Адище войны снова вокруг нас и над нами, наши нервы на пределе. Над городом кружат самолеты. Упали первые бомбы. В последнюю минуту мы все же пытаемся достать подводу. Но ничего не выходит. Движущиеся через город голодные беженцы осаждают магазины: хлеба нет.
Артиллерийский огонь усилился и стал ближе. Город словно вымер. Мы смирились с неизбежностью и, как все, кто остался в городе, спрятались в подвале, чтобы пересидеть бушующую наверху войну.
Взрыв за взрывом сотрясают землю. Снаряды ложатся совсем близко. Не исключено, что нам никогда не выйти отсюда. Нас разнесут в клочья, хотя мы не принимаем участия в этом бою. Мир охвачен пожаром, а мы жертвы, потому что это наш мир. Это не благая смерть. Что я сделал не так в моей жизни, что я упустил, что я мог, что я должен был сделать, чтобы противостоять ужасу и предотвратить его? Я был коммерсантом в Мюнхене. Я жил тихо и честно. Я ни о чем не заботился. Этого было мало! Быть может, у меня была своя миссия. Будущее было даровано нам, а мы его упустили. Каждый человек в Европе страдает от ужасных событий, которые издевательски именуются «великой историей». История предстает передо мной в образе огромного упыря с головой Гитлера. В отчаянии я выбираюсь из подвала и вижу вдали тяжелые облака черного дыма, за ними море огня. После короткого затишья взрывы возобновляются. Барабанные перепонки на пределе.

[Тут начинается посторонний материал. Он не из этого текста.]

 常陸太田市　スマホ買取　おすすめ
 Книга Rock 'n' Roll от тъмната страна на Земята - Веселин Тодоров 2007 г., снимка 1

Артиллерийский огонь перешагнул через нас и двинулся дальше на восток. Мы остались в нашей комнате. Мы стоим у окна и смотрим на главную улицу. Рядом со мной Янина и еще одна женщина. Ее руки сжаты от ужаса. Невыносимое напряжение исходит от пустынной улицы. Мы все чувствуем: сейчас они должны появиться. И точно! Первый серый танк выруливает на улицу. Он накрыт флагом со свастикой, должно быть, это опознавательный знак для своих летчиков. Неожиданно раздаются выстрелы и завязывается бой. Я вижу, как огонь вырывается из танкового орудия, и оттаскиваю женщин от окна. Мы снова бросаемся в подвал. Наверху творится светопреставление. Серый танк был первым вестником.
Мы завоеваны. Ночью шел дождь. Улица была забита танками и машинами. Между ними блуждала брошенная старуха, явно выжившая из ума. Горящие дома освещали картину.
Перед нашей дверью разбит бивак. Немецкие солдаты приходят и уходят. Они ведут себя очень гуманно и пристойно, похоже, они рады, что могут говорить с нами по-немецки. Они прибрали к рукам городской склад яиц, и мы должны жарить для них на нашей плите яичницу безостановочно, как на фордовском конвейере. Нас и других евреев, оказавшихся поблизости, тоже приглашают поесть. В подразделении есть австрийцы и баварцы. Перед смертью им хочется, что называется, «закусить», начальство дало им на это час, и они действуют по мюнхенскому правилу «живи и жить давай другим». Из расположенной неподалеку пивоварни прикатывают несколько бочек пива, и я выполняю роль кельнера. Меня тут же приглашают выпить, я говорю на баварском диалекте и чувствую себя, как в пивной «Хофбройхаус» в Мюнхене.
Солдаты двинулись дальше. Мы провели ночь без войск и без правителей. Мы живем в вакууме власти. Совсем ненадолго мы оказались в условиях полной свободы, оторванные от всего, за пределами цивилизации. Стоит тихая ночь. Для меня это ночь без сна. Мысли и заботы одолевают меня. Я размышляю о своей жизни, о своем маленьком «я» и его месте в этом времени. Встреча с немецкими солдатами из Баварии на мгновение пробудила во мне сентиментальное чувство родины. Я увидел отдельного человека из страны, в которой я когда-то с удовольствием жил; я видел не солдата и совсем забыл о принципе, которому он сегодня служит. Нескольких баварских выражений было достаточно, чтобы смягчить меня. И только слова «после нас придет СС» вернули меня из моих грез в жестокую реальность. Солдаты отделяли себя от нацистских соединений, которые следовали за ними. «Тогда вам придется плохо», — сказал один из них. Я ему верю.
Ранним утром снова шум движущихся войск! Теперь это солдаты с черными хищными птицами на машинах и на мундирах. Это СС! Глухая тяжесть ложится мне на сердце, цепенящий холод сдавливает грудь. Черные машины похожи на траурную призрачную процессию. Небо темнеет, и дождь усиливается.
СС действует решительно. В свое время в Париже был очень моден театр «Гран Гиньоль». Это театр ужасов. Актеры играют не людей, а исчадий ада, отъявленных негодяев; у зрителя мурашки бегут по коже, но, когда он выходит на улицу, у него возникает чувство приятного облегчения: ведь это было представление, а не реальность. Здесь же была реальность. Синагогу подожгли; Варфоломеевская ночь словно вернулась из истории в настоящее. Грабежи, убийства, насилия обрушились на нас как гроза. Ни одной еврейской квартиры не пощадили. И это не конец, это только начало кошмара.